Stothard, Charles Alfred (DNB00)
|←Story, Thomas||Dictionary of National Biography, 1885-1900, Volume 54
Stothard, Charles Alfred
STOTHARD, CHARLES ALFRED (1786–1821), antiquarian draughtsman, born in London on 5 July 1786, was the second son of Thomas Stothard [q. v.] by his wife, Rebecca Watkins. He was educated in Latin by Robert Burnside [q. v.], and early showed talent for drawing. In 1807 he was admitted a student of the Royal Academy, and in 1811 he exhibited there a picture of the death of Richard II at Pontefract, in which the costumes were depicted with strict historical accuracy. In the same year he published the first number of the ‘Monumental Effigies of Great Britain,’ a work designed to portray the changes in English costume from the twelfth century to the reign of Henry VIII. The work was issued in twelve parts, of which the first ten were prepared by Stothard himself; but the last two issued after his death were the work of other artists. The letterpress was supplied by his brother-in-law, Alfred John Kempe [q. v.], and the last number appeared in 1832. A new edition, with considerable additions, edited by John Hewitt, was published in 1876.

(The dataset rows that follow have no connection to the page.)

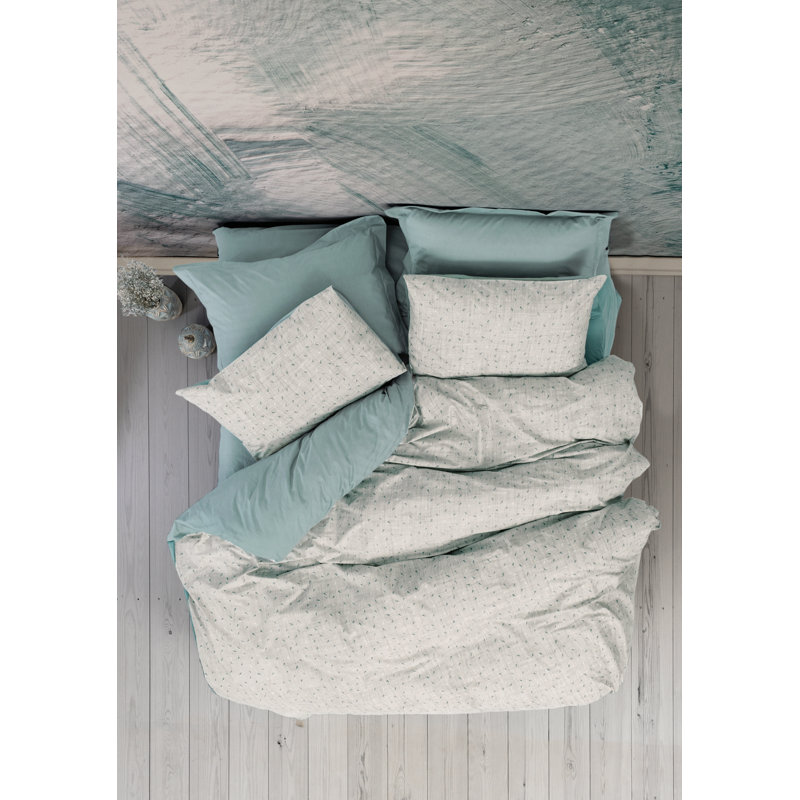 Ensemble de housse de couette simple 100% coton Ranforce, menthe et crème, housse de couette 63 x 87 po, drap plat 63 x 95 po, taie d'oreiller 20 x 28 po | Lavable à la machine, fermeture à boutons, doux et durable avec une contexture de 145 fils
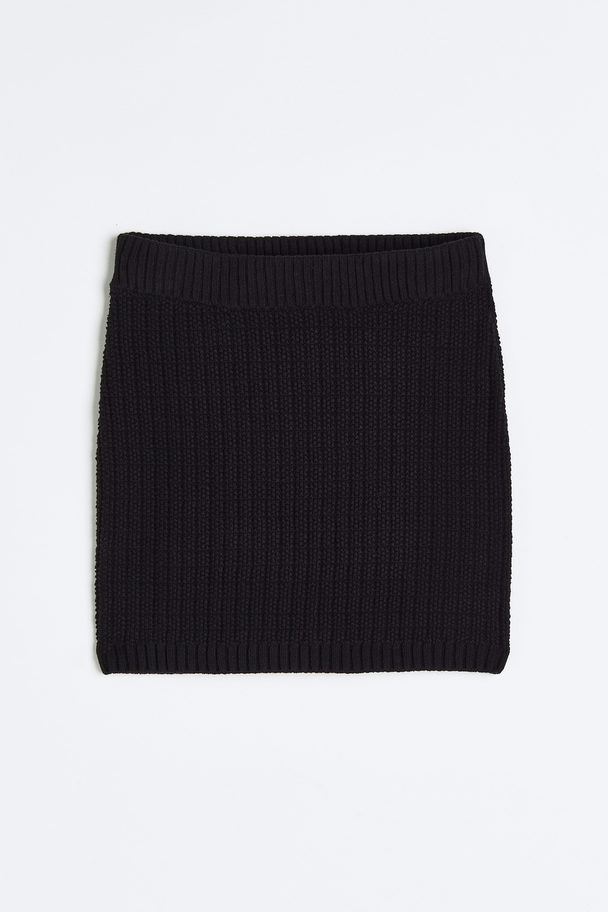 H&M Knitted Mini Skirt Black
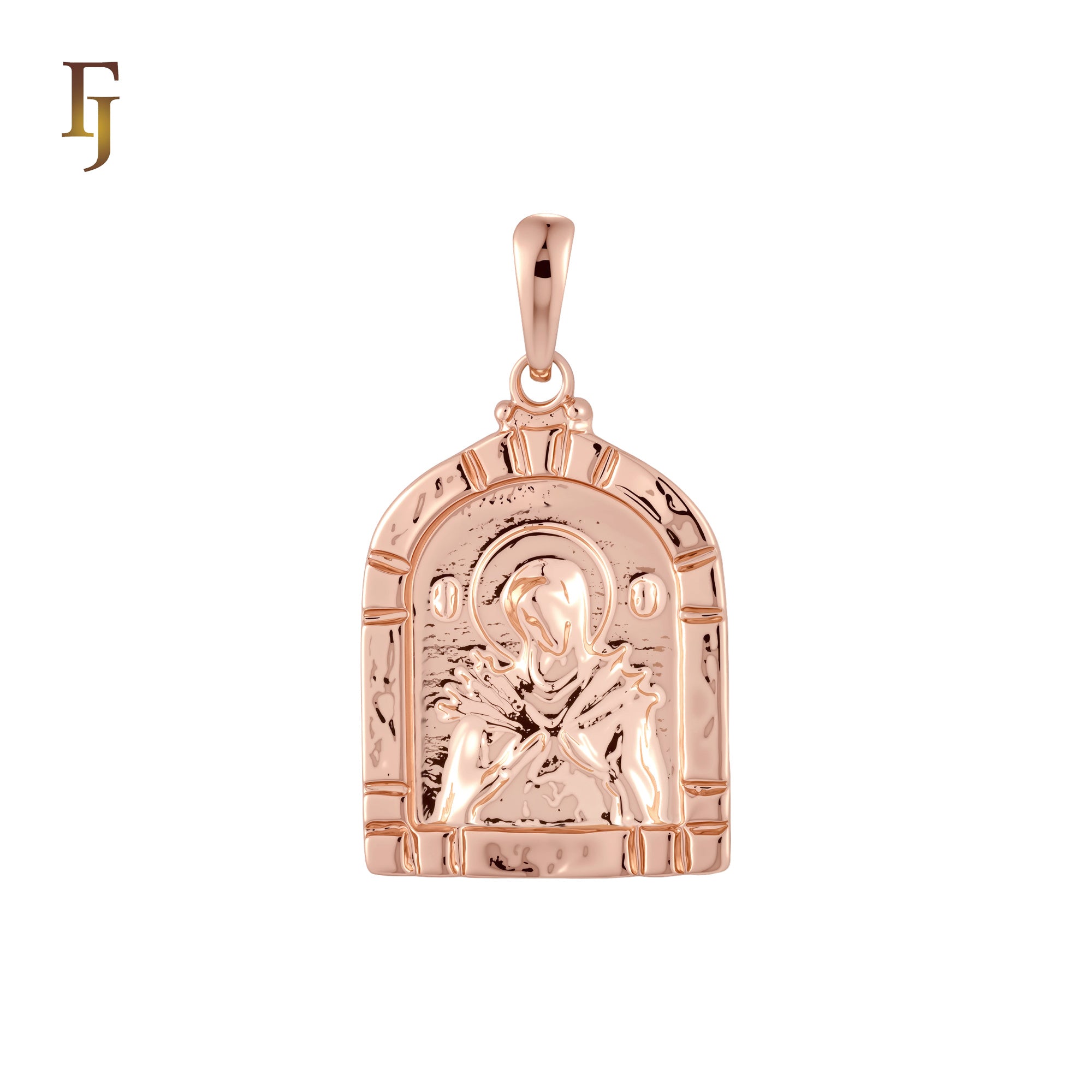 Religious Arched Portrait of Virgin Mary of Seven Sorrows Rose Gold Religious Pendant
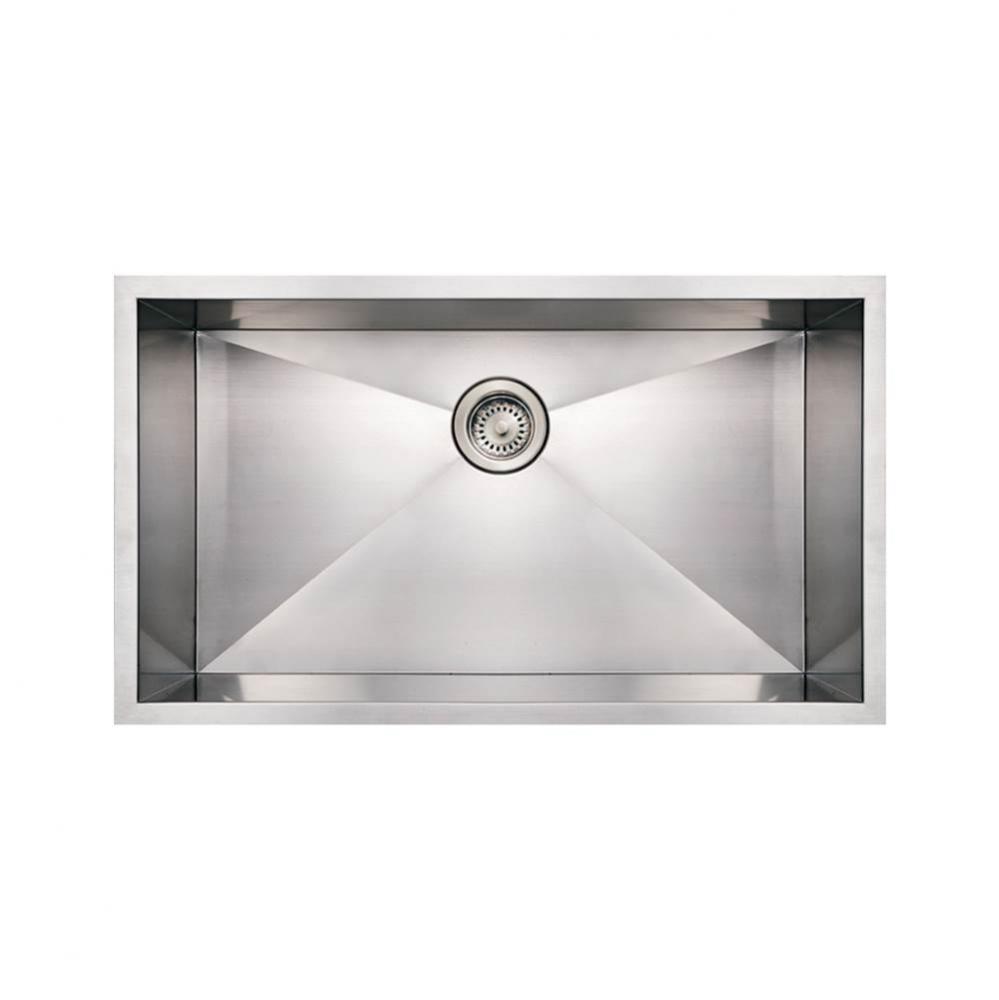 Noah's Collection Brushed Stainless Steel Commercial Single Bowl Undermount Sink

In 1815 Stothard was employed by Daniel Lysons [q. v.] to make drawings for ‘Magna Britannia,’ and for this purpose he journeyed through northern England as far as the Picts' wall. During his absence in the north Lysons procured him the appointment of historical draughtsman to the Society of Antiquaries. In 1816 he was deputed by the society to make drawings of the Bayeux tapestry, and during his stay in Normandy discovered in a cellar at the abbey of Fontevrault effigies of several of the Plantagenet sovereigns. In 1818 the drawings of the tapestry were completed, and in the year following Stothard laid them before the Society of Antiquaries together with a valuable paper on the date of the tapestry (see Archæologia, xix. 184). In this essay Stothard for the first time pointed out that the tapestry might be contemporary with the events it depicted without being the work of Matilda [q. v.], queen of William of Normandy, with whom it was traditionally associated, and conclusively proved, from the accuracy of the costumes, that it could not be a work of twelfth-century date, as had been contended by the Abbé de la Rue (cf. Freeman, Norman Conquest, 1869, iii. 367). On 2 July of the same year Stothard was elected a fellow of the Society of Antiquaries, and his drawings were published between 1821 and 1823 in the society's ‘Vetusta Monumenta’ (vol. vi. plates 1–17). Stothard was killed on 28 May 1821 by a fall from a ladder while he was making drawings of a stained-glass window in the church at Beerferris in Devonshire. He was buried at Beerferris. In February 1818 he married Anna Eliza, daughter of John Kempe, bullion-porter at the mint. She afterwards married Edward Atkyns Bray [q. v.], and was well known as a writer under her name of Anna Eliza Bray [q. v.]
Besides the works mentioned, Stothard illustrated his wife's ‘Letters written during a Tour through Normandy,’ London, 1820, 8vo. A portrait engraved from a miniature painted by Alfred Chalon is prefixed to Mrs. Stothard's ‘Memoirs’ of her husband.[Memoirs of C. A. Stothard, by Mrs. Stothard, 1823; Autobiography of Anna Eliza Bray, 1889; Memoir by A. J. Kempe in Gent. Mag. 1821, i. 643, reprinted in the Annual Biogr. and Obituary, 1822; Gent. Mag. 1830, ii. 497; Blackwood's Mag. xxxix. 764; Quarterly Review, xxv. 115; Redgrave's Dict. of English Artists; Bryan's Dict. of Painters and Engravers, ed. Graves; Encyclopædia Britannica, 9th edit.; Chambers's Encyclopædia, 1895.]